The labelling option would normally be useful in preventing a Qingdao-type scenario, but one of the problems which may have arisen in Qingdao is that local regulations and practice made it difficult for collateral managers to gain unfettered access to the warehouses in order to control the existence and labelling of the metal. If the system is to function, it is important that warehouses work better with collateral managers. A system for approving warehouses that meets basic requirements is already in place at the DMCC and the LME. It may be some time before a similar system can be adopted in China, but in the short term there is room for improvement in the local practice and regulations. Lenders should be at the forefront of supporting such initiatives.

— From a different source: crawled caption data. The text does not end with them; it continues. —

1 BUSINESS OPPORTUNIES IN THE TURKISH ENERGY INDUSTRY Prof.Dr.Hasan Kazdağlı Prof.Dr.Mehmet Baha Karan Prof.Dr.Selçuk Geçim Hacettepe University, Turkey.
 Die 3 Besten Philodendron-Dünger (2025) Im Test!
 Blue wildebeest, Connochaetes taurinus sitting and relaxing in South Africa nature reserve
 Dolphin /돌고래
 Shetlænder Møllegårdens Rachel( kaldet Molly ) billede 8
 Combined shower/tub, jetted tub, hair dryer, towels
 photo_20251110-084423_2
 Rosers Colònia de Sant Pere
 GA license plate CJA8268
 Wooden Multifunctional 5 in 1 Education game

Lenders will have to find a way to ensure that reliable collateral managers are appointed and that the collateral managers have sufficient rights of access to the warehouses. They will then also have to be prepared to engage more fully with such collateral managers and ensure a good dialogue throughout the financing process.


In parallel to a better engagement with collateral managers, the banks can also show more caution in their financing.

Banks can use tranching as a means to balance the risk associated to a particular portion of the loan with appropriate collateral. This way, before releasing a new tranche the bank can check the borrower's compliance with pre-imposed conditions. Tranching would not remove the risk but would enable collateralised lending to proceed at a more balanced pace, allowing perhaps for fraud and risk management to become more visible and decreasing the size of any potential loss.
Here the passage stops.